According to the journalist Charles Lewis who wrote in The National Post in January 2011, Timothy Snyder, author of Bloodlands, a new history of mass murder during the 1930s and 1940s under Nazism and communism, said that, after he finished the book, he wanted to “crawl into a cave and hide.” The only “lesson” he learned was a hopeless one: Anyone can be the victim or the perpetrator of barbarism.
But this it seems is also one of the key problems of Bloodlands, which attributes victimization largely to geographic location, to being caught between competing totalitarian states and to being occupied and reoccupied. It diminishes the Nazi Holocaust even while exploring it specifically in great detail, at one and the same time anchoring the Holocaust and merging it into a sea of killing of other peoples throughout the borderlands.

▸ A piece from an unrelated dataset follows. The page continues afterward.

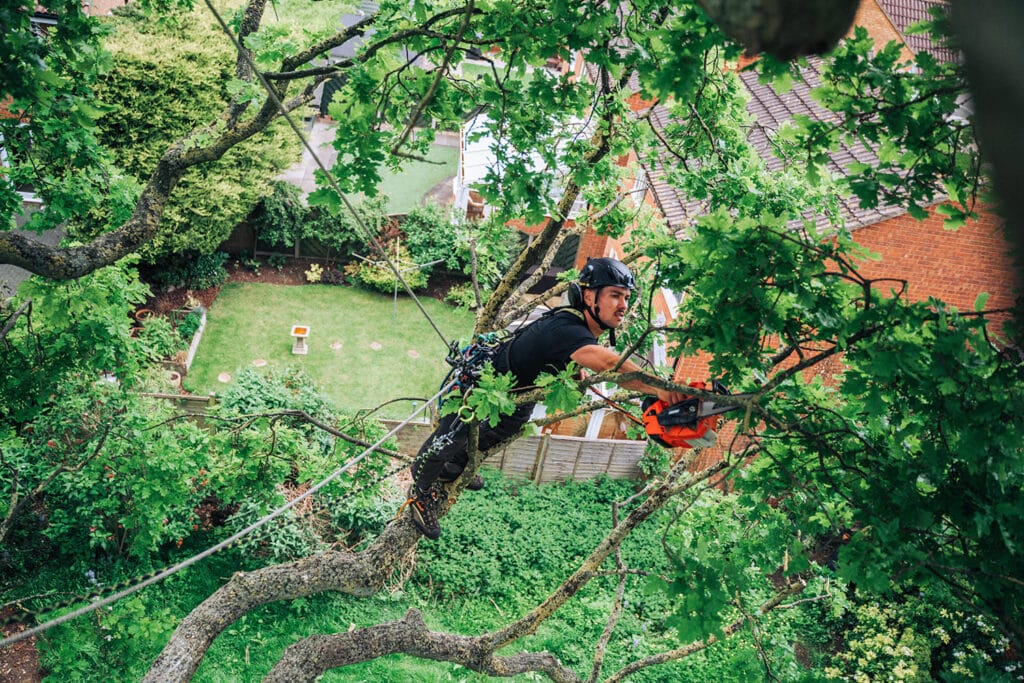 Tree Pruning Service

It also omits any serious attention to the ideology and sentiment that drove the mass murders.
Adam Muller thinks he knows why. “All this [killing], according to Snyder, was the byproduct of the convergence of two massively destructive and highly mobile and vindictive totalitarian forces: Soviet Stalinism in the East and German Nazism in the West. More specifically,
“Snyder’s thesis is that it was in the Bloodlands that these forces met and interacted in ways that became mutually self-reinforcing, always at the expense of indigenous populations whose suffering continues to remain under-acknowledged in the historical literature, particularly in the West. Accordingly, Snyder feels that it is important to displace the Holocaust, and especially concentration camps like Auschwitz, as the primary signifiers of twentieth-century genocidal mass murder, since privileging them unhelpfully restricts our awareness of the scale of the damage done to the people and places under Nazi and Soviet occupation. For example, over a million Jews were shot to death in the forests of Eastern Europe, almost forty thousand in two days at Babi Yar in Ukraine alone. Nearly three million more were killed on arrival at extermination centers such as Bełżec, Sobibór, Majdanek, and Treblinka, these death factories not to be confused with concentration camps which actually housed many inmates for varying periods of time, however inadequately. More than this, for Snyder the Holocaust is typically framed by exceptionalist language which serves to disconnect its particulars from larger historical and ideological currents, thus insulating its victims from others experiencing versions of the same horrors, for the same reasons, who remain no less entitled to our moral regard….”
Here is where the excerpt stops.